Bu kavrayışla bütünüyle tutarlı biçimde, elbette aynı zamanda oluşum sürecinin doğası gereği, TKF bir ülkenin komünist partisinin mutlaka bir dünya partisinin seksiyonu olması gerektiğini de berrak olarak kavramıştır.

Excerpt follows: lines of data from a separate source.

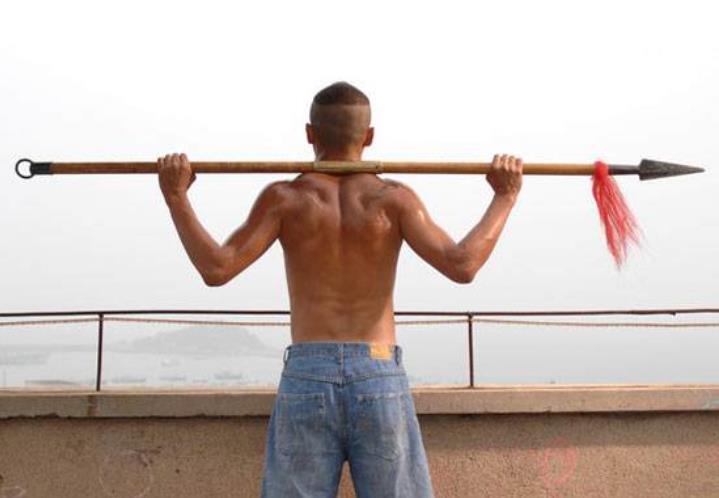 “盖世*男美**子”刘烨：从文弱小生到肌肉硬汉，靠健身改变身材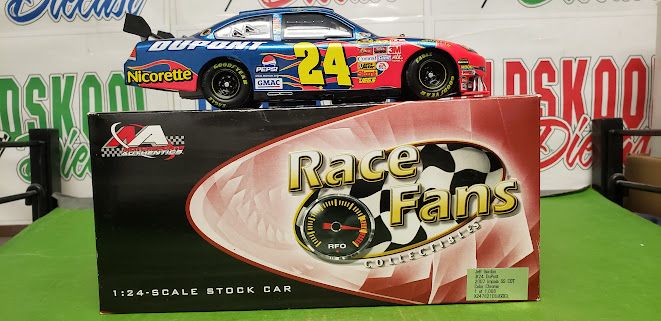 Jeff Gordon #24 DuPont 2007 Impala SS COT Color Chrome 1:24 scale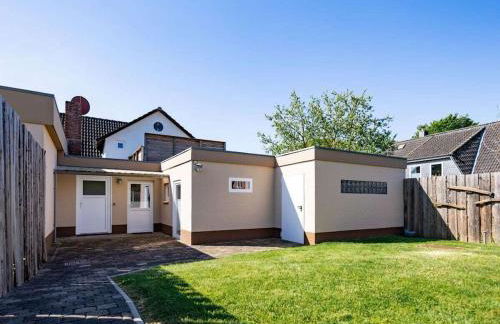 Old Merchant on the Baltic Sea Beach - Photo 25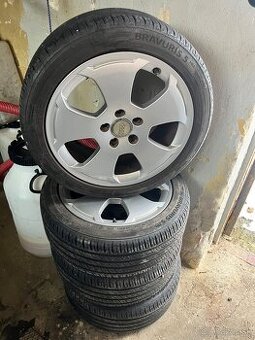 Predam kolesa R17 z Audi A3 plus letne pneu 225/45 R17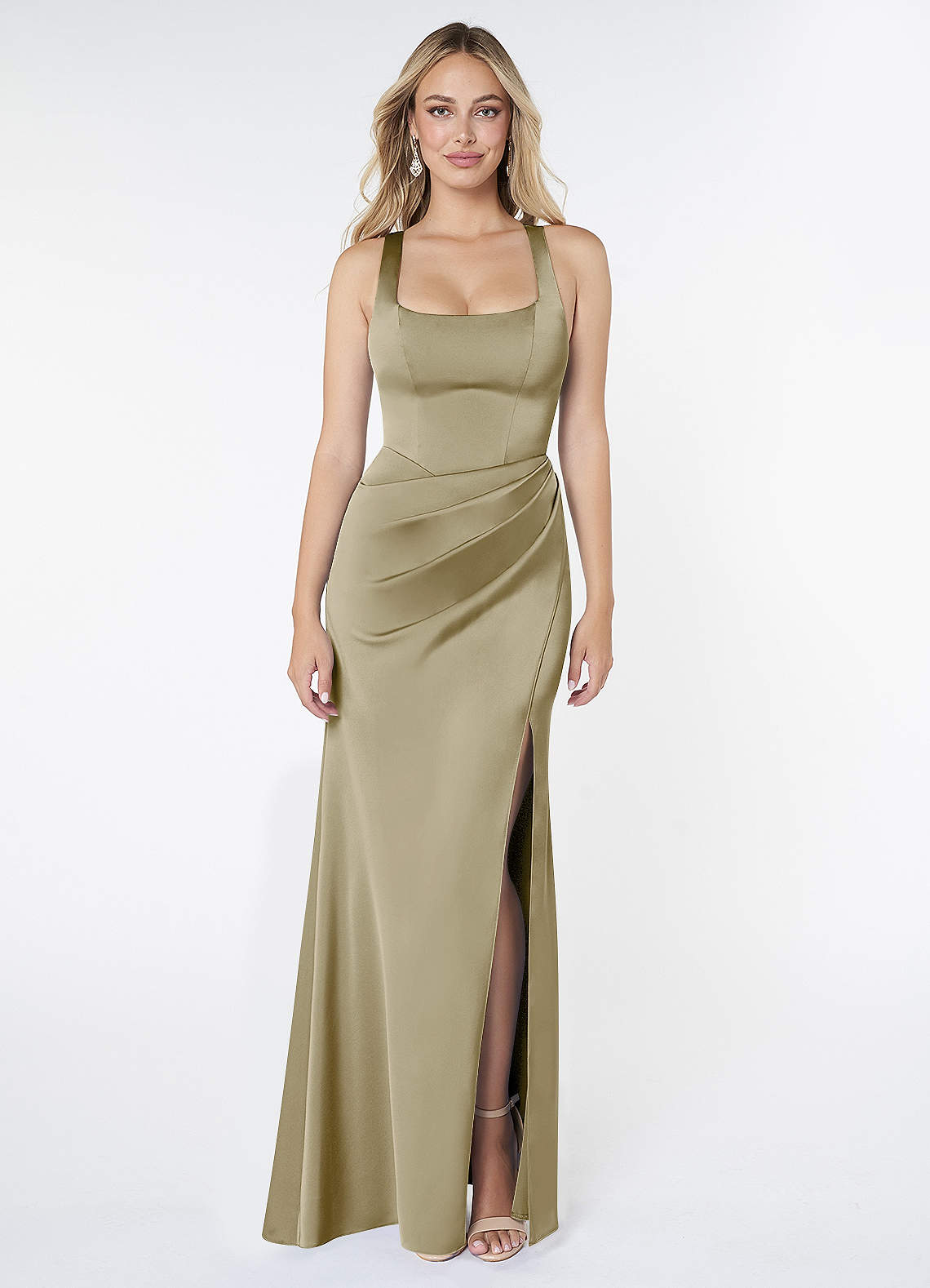 Azazie Mero Robes de demoiselle d'honneur Robe Fourreau en Satin extensible Plissée Vert Mousse image1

Yine programının “Esaslar” bölümünün 11. maddesi şöyle demektedir: “Türkiye Komünist Fırkası yukarıda sözü edilen ilkelere dayanarak, son dönemin insanlık âlemine yeni ve her anlamıyla özgür hayat vaad eden sosyal devrim olduğu inancıyla ve her şeyden önce bir “amele ve rençber” partisi olarak dünyanın diğer komünist partileriyle beraber Üçüncü Enternasyonal’i oluşturma ve onun, kendisi de uluslararası olan burjuvazi ile mücadelesine faal bir organ olarak katılır.”

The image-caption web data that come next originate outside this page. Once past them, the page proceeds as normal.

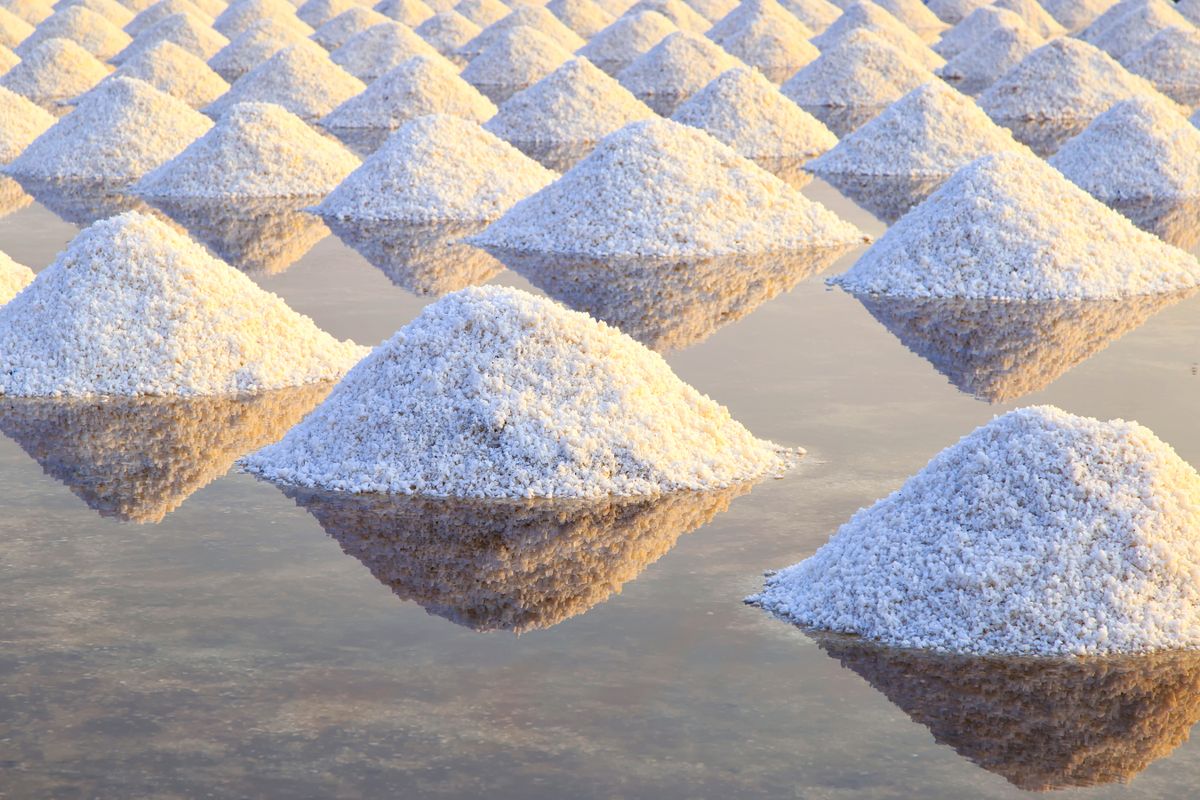 Sea,Salt,Pile,Pyramid,Ready,For,Harvest,In,Salt,Farm. Dühöngenek a román nacionalisták, amiért egy magyar cég megnyitja Európa legnagyobb sóbányáját Erdélyben sóbánya Virágosvölgy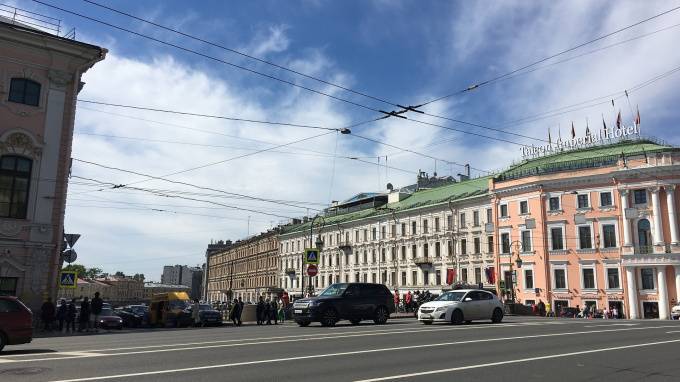 В двенадцати районах появятся новые павильоны ожидания транспорта на остановках - piter.tv - р-н Приморский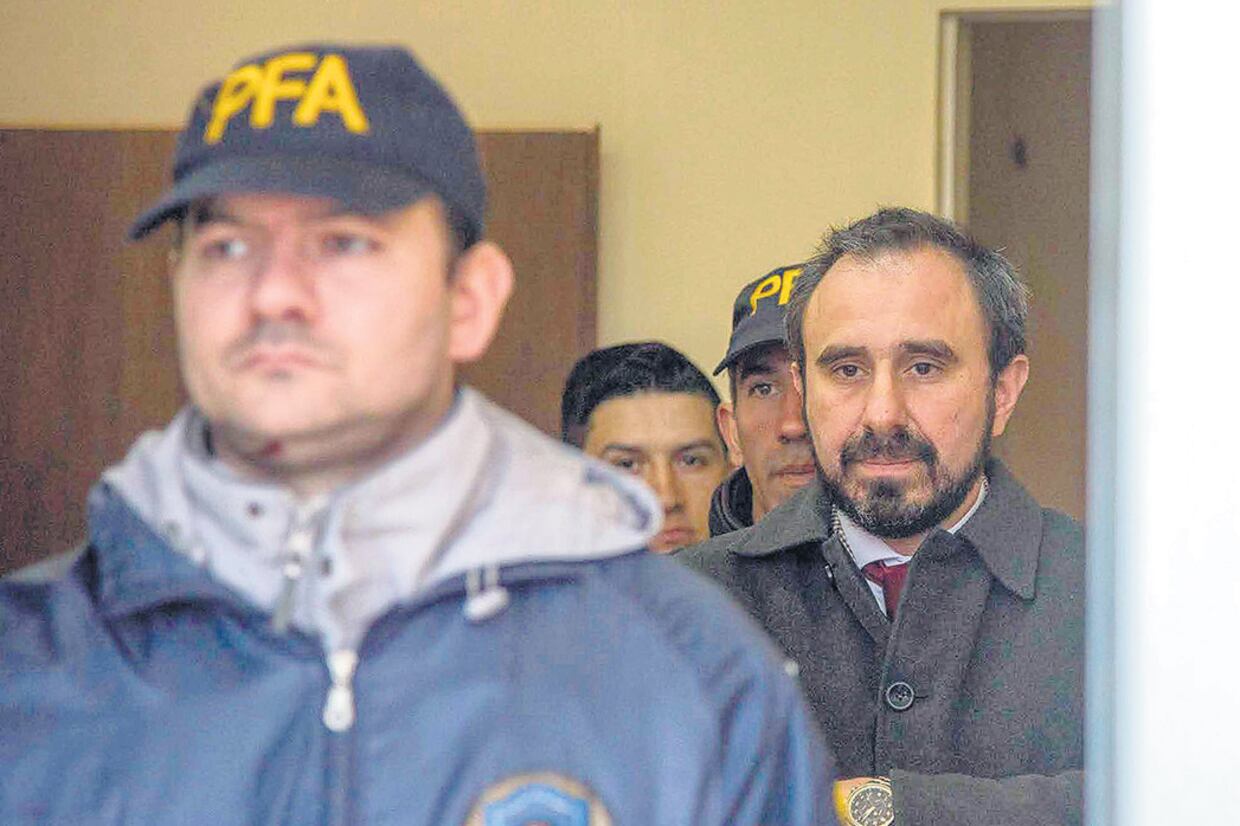 Tras casi dos meses al frente de la causa en los cuales siempre se inclinó por desvincular a la Gendarmería, Otranto fue apartado.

Proletaryanın burjuvazi üzerinde ikirciksiz sultası

Program “Şekl-i Hükûmet” başlıklı bölümünün 2. maddesinde, hiçbir ikircikliliğe yer vermeyen biçimde adını vermeksizin proletarya diktatörlüğünü savunmaktadır: “Amele ve rençber şûrâlar [sovyetler] cumhuriyeti ise, emek sarf etmeksizin yaşayan tufeylî [asalak] sınıflar hariç olmak üzere halkın çokluğunu etrafına toplayarak işçilerin işleticiler [kapitalistler] tarafından soyulmasına nihayet verecek her türlü çareleri temin eder. Şûrâlar cumhuriyeti hükûmet ve kızıl ordu teşkilâtıyla (…) sınıfları ortadan kaldırarak her türlü harp ve kıtal gailelerini [savaş ve silahlı çatışmalardan doğan güçlükleri], münevver ve mesut bir istikbale [aydınlanmış ve mutlu bir geleceğe] doğru götüren kapitalizm ile komünizm arasındaki devr-i intikale ait, muvakkat bir şekl-i hükûmettir.”

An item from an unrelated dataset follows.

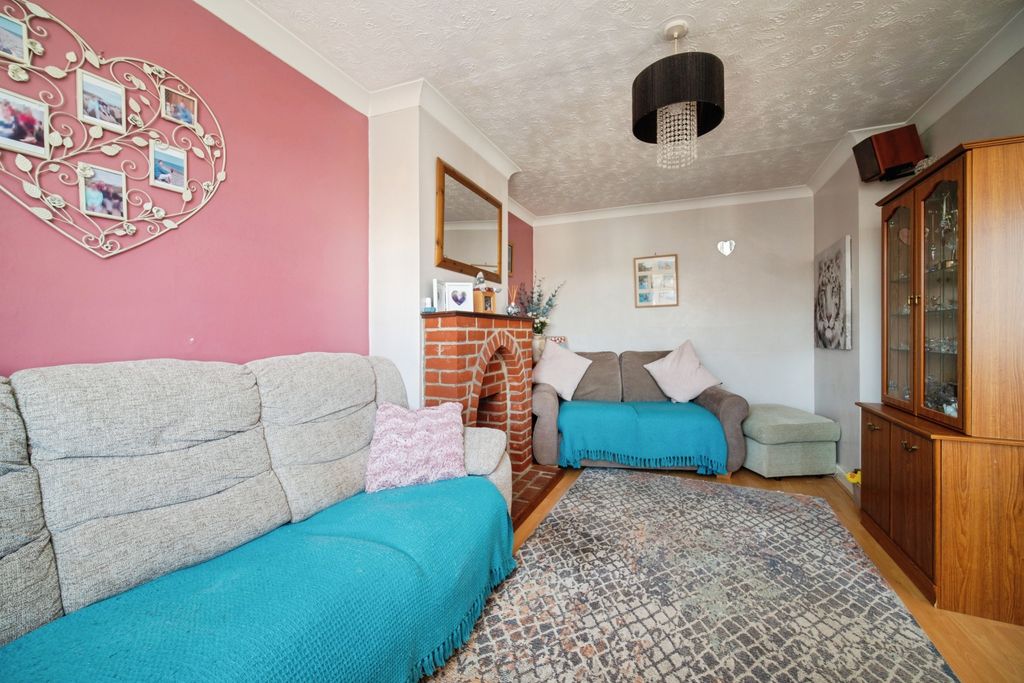 Property photo 3 of 20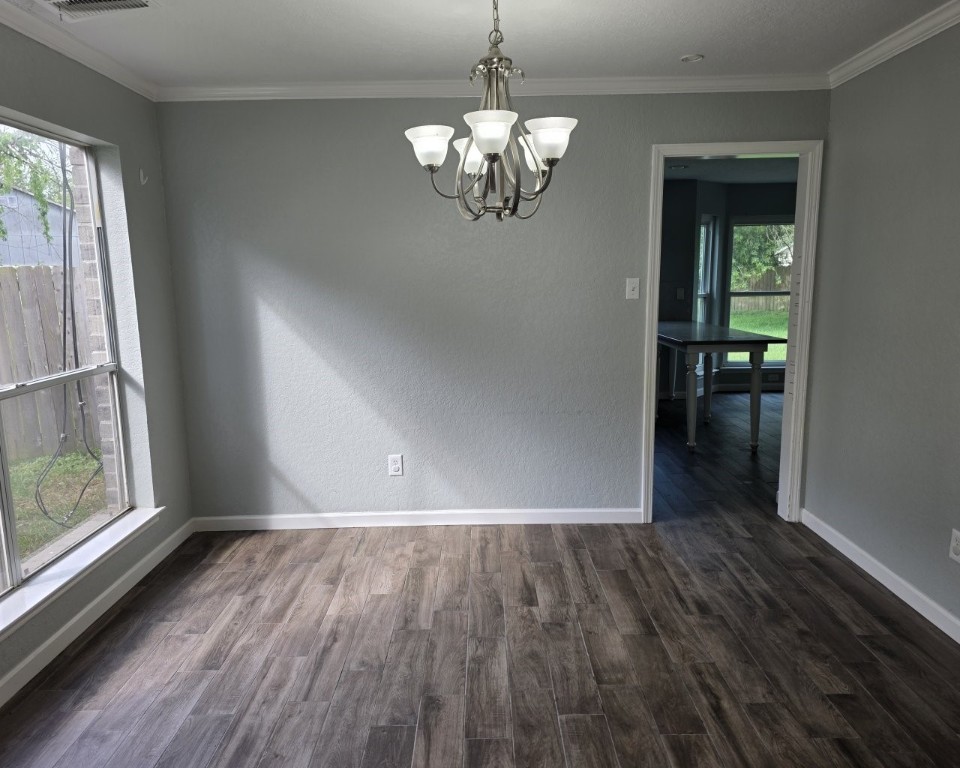 129 Corral Court Angleton, TX 77515 - Photo 8 of 26 Formal Dining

Devlet yapısını tanımlayan bu madde birkaç bakımdan olağanüstüdür. Birincisi, “emek sarf etmeksizin yaşayan tufeylî sınıflar”ın, yani kapitalist, büyük toprak sahibi, büyük tüccar, tefeci vb. sınıfların sadece ekonomik olarak mülksüzleştirilmekle kalmayacağını, siyasi haklarının da yadsınacağını açık şekilde ifade etmektedir. “Amele ve rençber şûralar cumhuriyeti”, yasal mülahazalarla proletarya diktatörlüğü olarak anılmamıştır ama proletaryanın (Türkiye koşullarında halk diliyle söylendiğinde işçi-köylü hükümetinin) eski hâkim sınıfları sultası altında tutacağı, demokratik hayallere en ufak bir taviz verilmeden vurgulu biçimde söylenmektedir.

İkincisi, “kızıl ordu”, proletaryanın baskı aygıtı olarak ismen anılarak burjuva devletinin baskı aygıtı olan ordunun karşısına dikilmektedir. Üçüncüsü, sınıfların ortadan kaldırılması Marksizmin programının asli hedefi olarak açıkça ifade edilmektedir. Dördüncüsü, daha sonra Stalinizmin etkisi altında Marksizmin ufkundan çıkmış olan proletarya diktatörlüğünün sadece sınıfların ortadan kalkmasına kadar geçici olarak (“muvakkat bir şekl-i hükûmet”) gerekli olduğu fikri burada açıkça dile gelmektedir.

Nihayet, Marx’ın “Gotha Programının Eleştirisi” konulu çalışmasında, Lenin’in ise Devlet ve Devrim’inde bütünüyle berrak olduğu halde Stalinistlerin varlığını reddettikleri ve sosyalizmin ilk aşaması ile özdeşleştirdikleri “kapitalizm ile komünizm arasındaki devr-i intikal” burada pırıl pırıl parlamaktadır. TKF programının bu maddesi, Marksist devlet programının orijinal halinin sadık bir sergilemesi gibidir!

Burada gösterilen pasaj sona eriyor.